就活と採活と生活

採用広報・広告を創る立場から就活のあれこれを書いてます。

非公開求人という採用

世の中には採用をする際に一般的な選考フローではなく、採用効率を追及した「非公開求人」というものが存在する。これは「自社で募集広告を出し、母集団をつくり、テストをして面接も数回して採用したけど、結局人材にならないような人を採用してしまった」という悲劇を防ぐためである。私はどうもこういう採用スタイルを賞賛する気持ちになれない人間である。なぜならば、採用する企業が「採用活動」をしないからである。就職したい学生が就活しないのと同じである。お腹が減ったけど食べる時間が勿体ないし、変に食中毒になるのも困る。でも栄養はちゃんと考えて摂りたいので、すべて計算された一錠のカプセルを飲む行為と同じです。食べる=咀嚼という行為は消化をよくするだけではありません。顔面をつくる骨や筋肉の発達をはじめ、発音への影響や、咬み合わせがしっかりして踏ん張りが効くようにもなります。またリズミカルな刺激が脳に伝わりリラクゼーションやストレス軽減、注意力も高まり覚醒水準が上昇するといわれています。採用活動も同じだと思う。人材を採りたいなら人材に選ばれる企業になる必要がある。選ばれる企業になるには採用活動という「咀嚼活動」が必要です。注文して用意されたものを飲み込むというのは、人と人との関係上、よくないと思う。味も歯ごたえもノド越しもわからない。いきなり胃に放り込むようなものである。栄養士が作成したスペック通りのサプリメントを飲んだけど、狙ったような効果が出ないということは、よくあることです。人は生ものだからです。
また、また採用するということは、求職者に自分の就職先として認められることである。私はそのための努力はするべきだと考えます。しかもクローズではなくオープンに。
求職者も採用する企業も同じことがいえると思いますが、面倒臭くて効率の悪い「活動」を省略するということは、「失敗しないようなマッチング」で代用するということになります。私はこういう体を使って動かないで、アタマだけで考えてやるということがどんどん増えていることに危機感を持っています。失敗はしても自分でやったことはすべて無駄にはならない。すべての体験は栄養になるはずです。

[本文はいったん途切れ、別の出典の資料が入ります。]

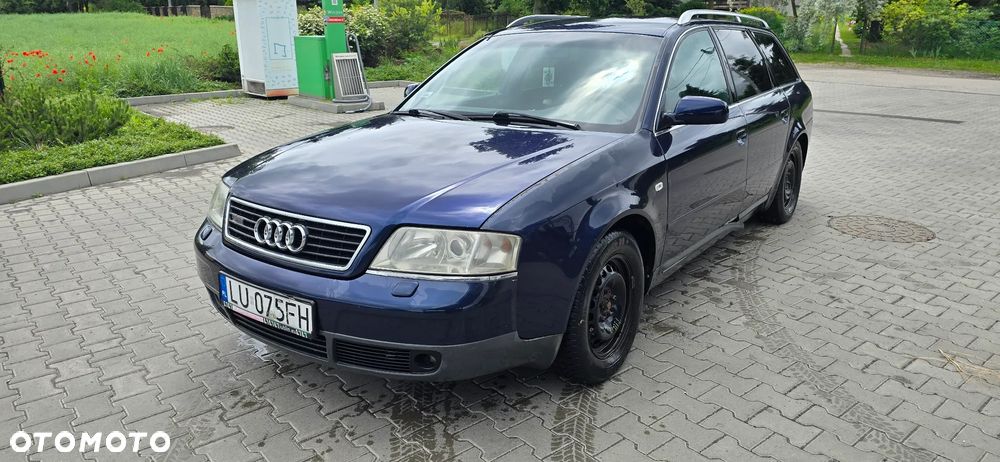 Audi A6 Avant - 1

こういうロジックって無理があると思いますか?効率を高めることが経営の要諦だとすれば、非公開であってもかなり高い確率で求める人物に出会えることがなぜ悪いのかと。また早期退職されても人材紹介業者に支払う費用は戻ってくるからリスクヘッジも考えられたいいシステムだと言われるかもしれません。
しかし、それはモノの場合はいいけど、人には当てはまらないのではないでしょうか。
お見合いは、世話好きな叔母様とかが「この写真の人、素晴らしいのよぉ」とか言ってセッティングし、結婚を前提としたおつきあいという条件の下で両者が納得してお会いします。しかし恋愛は、お互いが相手のことを好きになったのでもっとお互いを知りたい・確かめたいという理由からお付き合いを始めます。この両者の違いは非常に大きいと思います。「出会い」の機会創出から見ると、お見合いは他力本願だけど、恋愛は自力本願だからです。お見合いがダメだと言ってるのではありませんよ。なかなか出会いがない環境の人や、億劫な性格で自分からチャンスをつくれない人にはむしろいい制度だと思っています。しかし、それは恋愛できないからであり、最初からそういう選択があるわけではない。選べるなら誰でも恋愛を選ぶと思う。それが理想的だから。お見合いするのは「出会い活動」ができないから、もしくはしないからであり、恋愛は「出会い活動」をした結果である。まず出会いがあるのではない。いつも営業で来られるあの人の言葉や声や表情が気になっていて、向こうもいつもいく事務所にいる女性の振る舞いや顔や雰囲気が気になっていて、ある日、思い切って告白すると見事!同じ想いをしていた!「ラッキー!」というのが恋愛である。最近は婚活というのがあるそうですが、人生にはいろんな活動があり、そういう活動の連続のなかに喜怒哀楽があるのではないでしょうか。活動は人生そのものだと思う。だから手を抜くと痛い目に遭う。と思う。